Re: Wrong rows estimations with joins of CTEs slows queries by more than factor 500

From: Tom Lane <tgl(at)sss(dot)pgh(dot)pa(dot)us>
To: Richard Guo <guofenglinux(at)gmail(dot)com>
Cc: Jian Guo <gjian(at)vmware(dot)com>, Tomas Vondra <tomas(dot)vondra(at)enterprisedb(dot)com>, Hans Buschmann <buschmann(at)nidsa(dot)net>, "pgsql-hackers(at)lists(dot)postgresql(dot)org" <pgsql-hackers(at)lists(dot)postgresql(dot)org>, Zhenghua Lyu <zlyu(at)vmware(dot)com>
Subject: Re: Wrong rows estimations with joins of CTEs slows queries by more than factor 500
Date: 2023-11-17 03:38:19
Message-ID: 482957.1700192299@sss.pgh.pa.us
Views: Raw Message | Whole Thread | Download mbox | Resend email
Thread:
Lists: pgsql-hackers

Richard Guo <guofenglinux(at)gmail(dot)com> writes:
> On Fri, Nov 17, 2023 at 2:16 AM Tom Lane <tgl(at)sss(dot)pgh(dot)pa(dot)us> wrote:
>> So you could argue that there's more to do here, but I'm hesitant
>> to go further. Part of the point of MATERIALIZED is to be an
>> optimization fence, so breaking down that fence is something to be
>> wary of. Maybe we shouldn't even take this patch --- but on
>> balance I think it's an OK compromise.

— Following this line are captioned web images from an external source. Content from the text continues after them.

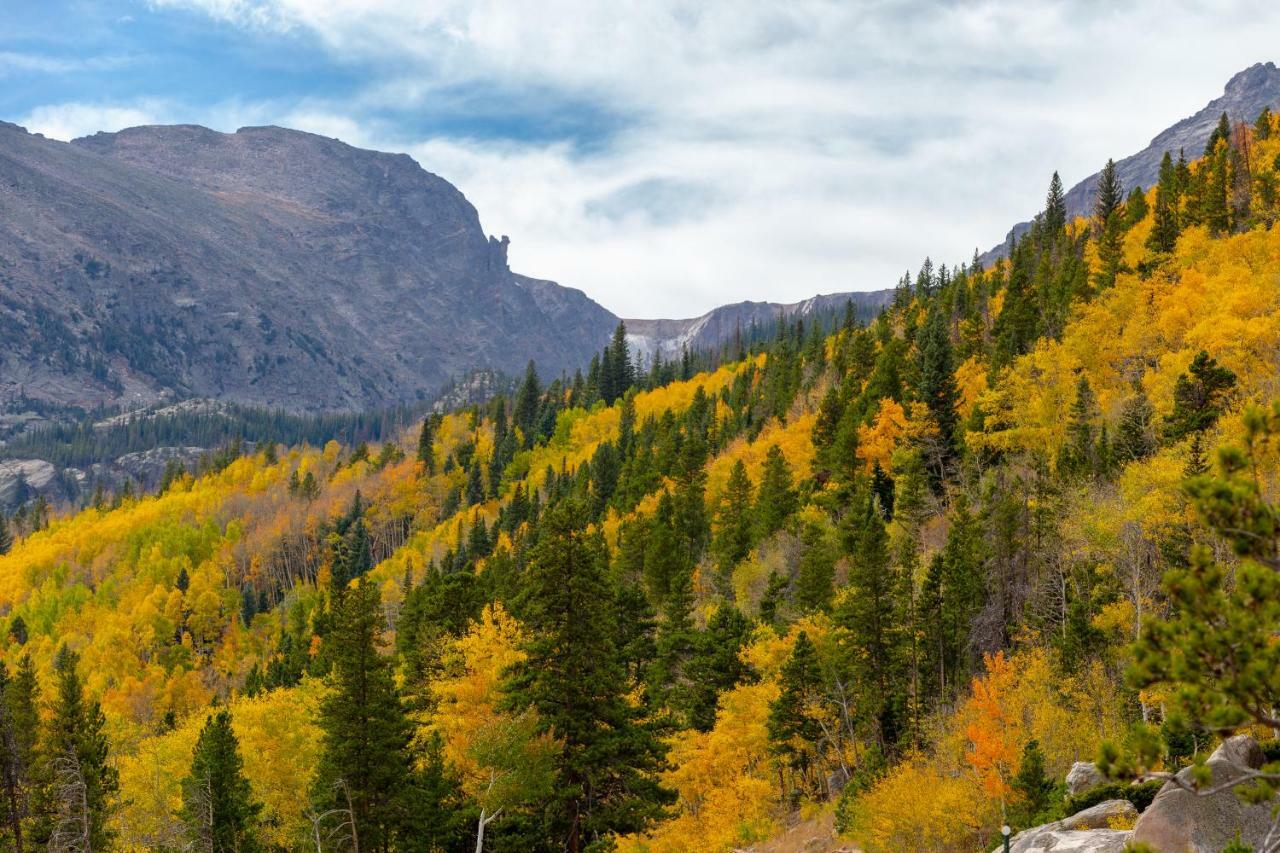 Quiet In The Pines - Permit #3120 Appartement Estes Park Buitenkant foto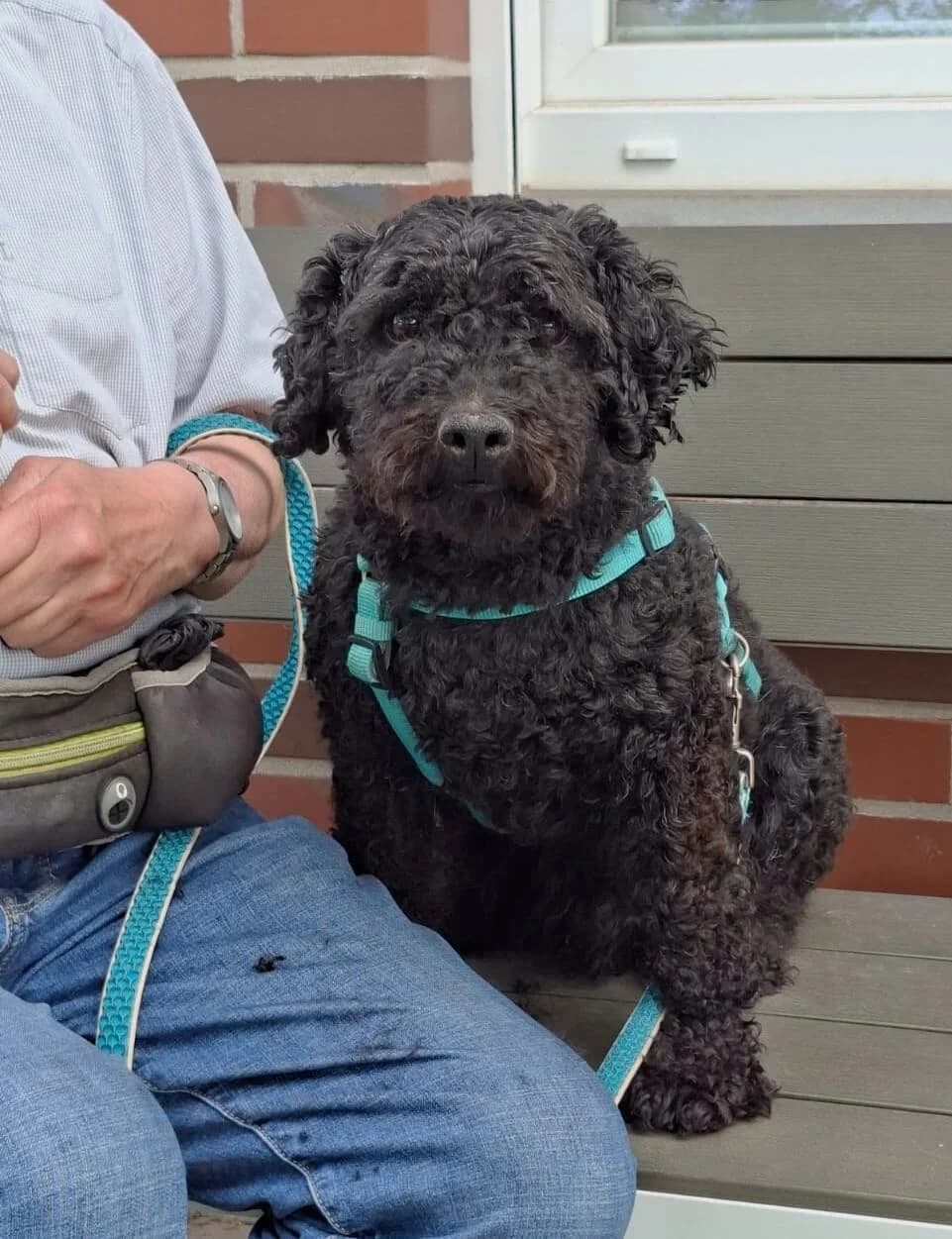Piccolino, male senior Mixed Breed for adoption at Julias Tierheim Ahaus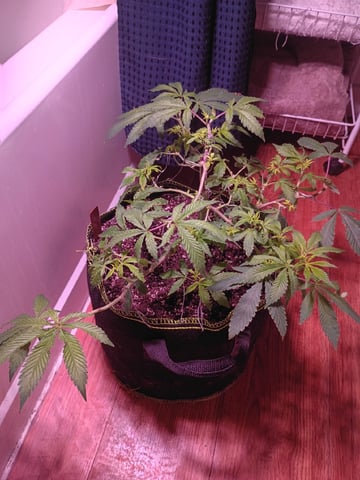 FKAFL — vegetative, day 35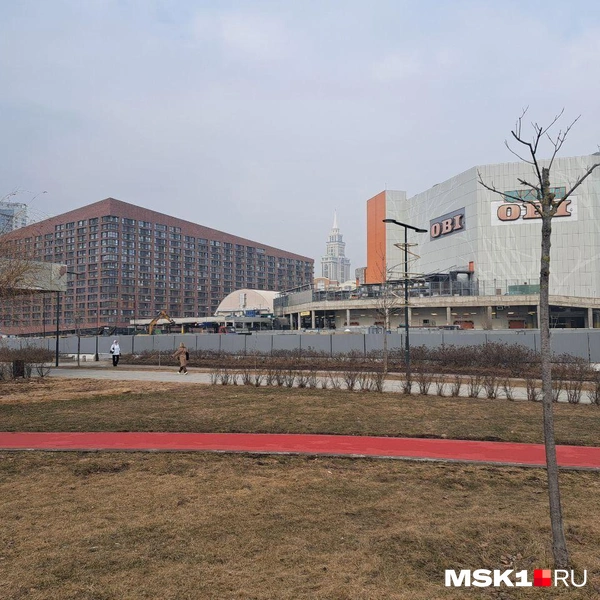 Источник: Арина Майорова / MSK1.RU
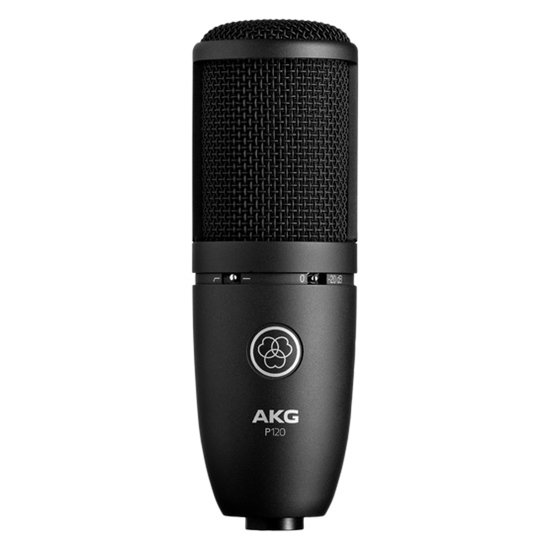 Bild på AKG P120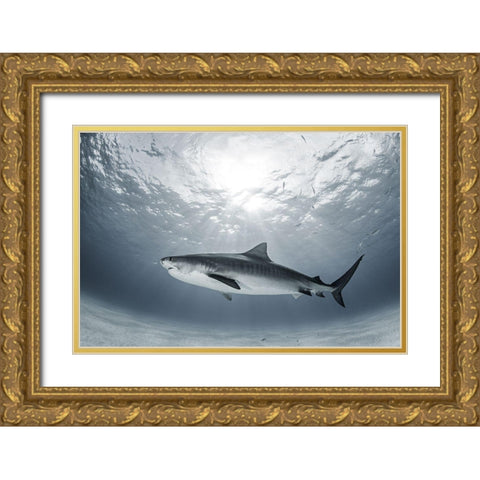 Tiger Rays Gold Ornate Wood Framed Art Print with Double Matting by Kiefer, Ken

> Agreed. I think the patch is still valuable on its own, although it
> does not go down into MATERIALIZED case for further optimization.

Right. My earlier response was rather rushed, so let me explain
my thinking a bit more.

When I realized that the discrepancy between MATERIALIZED-and-not
plans was due to the upper planner not seeing the pathkeys for the
CTE scan, my first thought was to try to export those pathkeys.
And my second thought was that the CTE should return multiple
potential paths, much as we do for sub-SELECT-in-FROM subqueries,
with the upper planner eventually choosing one of those paths.
But that second idea would break down the optimization fence
almost completely, because the opinions of the upper planner would
influence which plan we choose for the CTE query. I think we
shouldn't go there, at least not for a CTE explicitly marked
MATERIALIZED. (Maybe if it's not marked MATERIALIZED, but we
chose not to flatten it for some other reason, we could think
about that differently? Not sure.)

I think that when we say that MATERIALIZED is meant as an optimization
fence, what we mostly mean is that the upper query shouldn't influence
the choice of plan for the sub-query. However, we surely allow our
statistics or guesses for the sub-query to subsequently influence what
the upper planner does. If that weren't true, we shouldn't even
expose any non-default rowcount guess to the upper planner --- but
that would lead to really horrid results, so we allow that information
to percolate up from the sub-query. It seems like exposing column
statistics to the upper planner, as the proposed patch does, isn't
fundamentally different from exposing rowcount estimates.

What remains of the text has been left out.